Mergers, acquisitions, amalgamations and their impact
A merger, acquisition, amalgamation or other similar change of control can result in a significant change for the organisations involved. Many or all aspects of governance, financial management and service delivery may be affected.
It may also affect your organisation’s contract with us, and eligibility to continue to receive funding. (The contract may be in the form of Funding Deed and Program Level Agreement, or a Human Services Agreement.)
This is why you’re required to notify us of a merger, acquisition, amalgamation or other similar change of control in your organisation.
We strongly recommend your organisation:
- notifies us and consults with us as far in advance as possible, so that you understand how the change of control may affect your contract with us
- obtains the necessary independent legal and business advice to ensure you understand how it may affect your organisation and its operations
- carries out the necessary due diligence before you make any legally binding commitments.
Clarification of the terminology
‘Merger’, ‘acquisition’ and ‘amalgamation’ are terms used to describe the transaction whereby two or more organisations combine their operations. However, they’re not legal terms with a precise or technical meaning. In fact, different people may use different terms to describe the same transaction.
Regardless of the term used, these transactions involve a change of control, which means a change in the direct or indirect beneficial ownership or control of an organisation.
Some examples of a change of control involving a merger, acquisition or amalgamation are:
- Organisation A gains control of Organisation B, with the ability to decide the composition of its governing body and management, as well as shape its financial and operating policies.
- Organisation A becomes the wholly owned subsidiary of Organisation B. Organisation A retains its governing body and continues to operate under the control of Organisation B. Organisation B may have a majority representation in the governing body of Organisation A.

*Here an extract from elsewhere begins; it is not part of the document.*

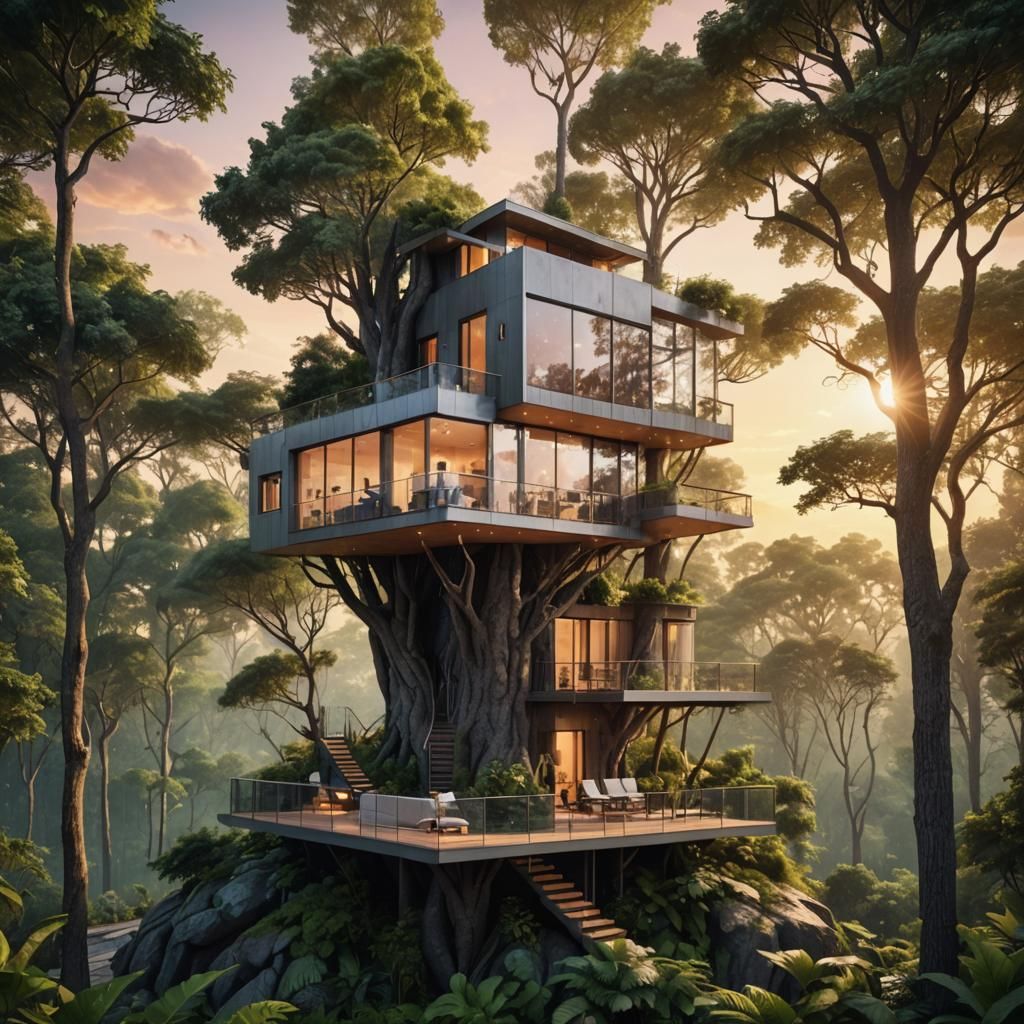 Modern Villa Atop a Tree in Forest Sunset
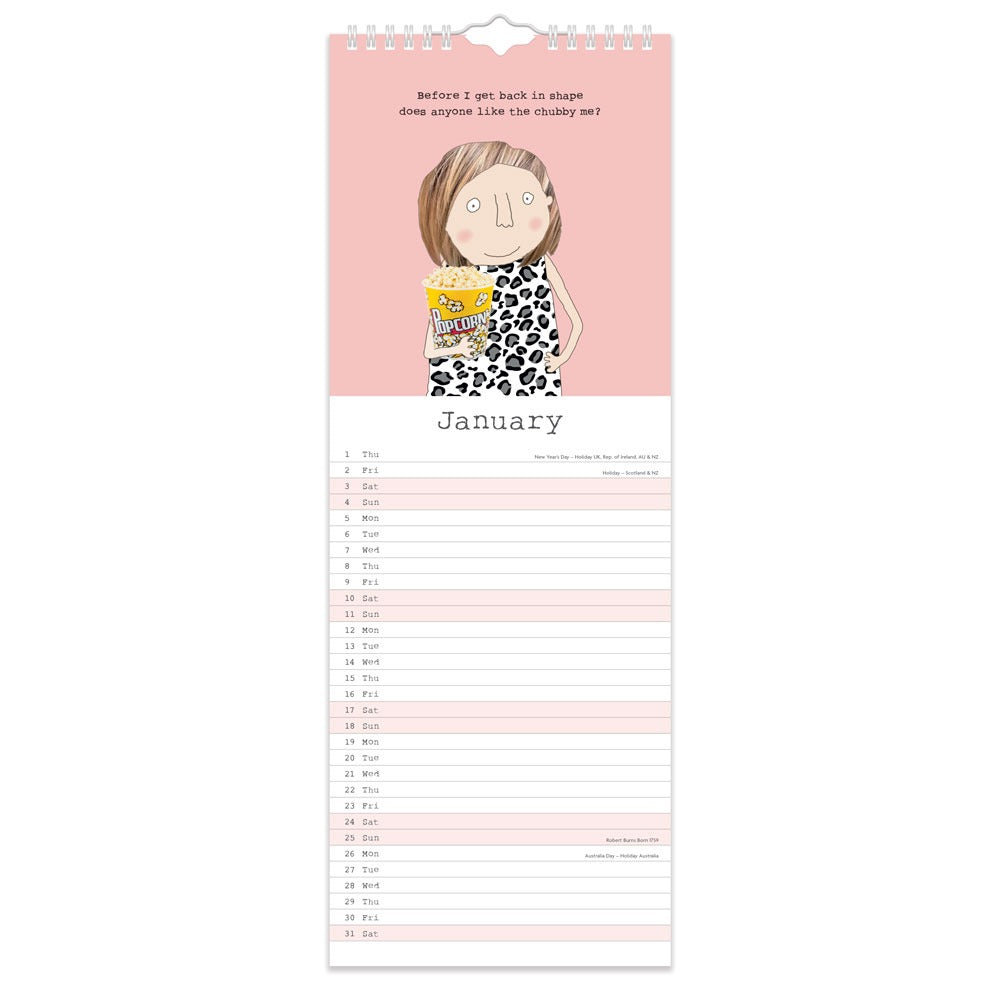 Slim Wall Calendar 2026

- Two or more organisations (A and B) join to form a new organisation (C) where the assets and liabilities, rights and obligations of Organisations A and B are then owned by Organisation C. Organisations A and B are dissolved or become dormant.
- Organisation A transfers its operations, assets and liabilities, rights and obligations to Organisation B. Organisation B establishes a new identity with a new leadership team. Organisation A is dissolved or becomes dormant.
- Organisation A takes ownership of the operations, assets and liabilities, rights and obligations of Organisation B. Organisation B is dissolved or becomes dormant.
Your obligations under the contract
To comply with the terms and conditions of your contract, you must notify us, in writing, of any change of control that materially affects your ability to provide the services you are contracted to deliver. (This is implied by clauses 3.3a and 3.4d of the Funding Deed, and stated in clause 8.1 of the Human Services Agreement – Standard Terms.)
This means you must notify us if your organisation is involved in a merger, acquisition, amalgamation or similar change of control (regardless of whether you’re Organisation A, B or C in the examples above).
The change of control may result in automatic termination of your contract. That’s why it’s important to obtain independent legal advice, carry out the necessary due diligence, and inform us of your intention in advance.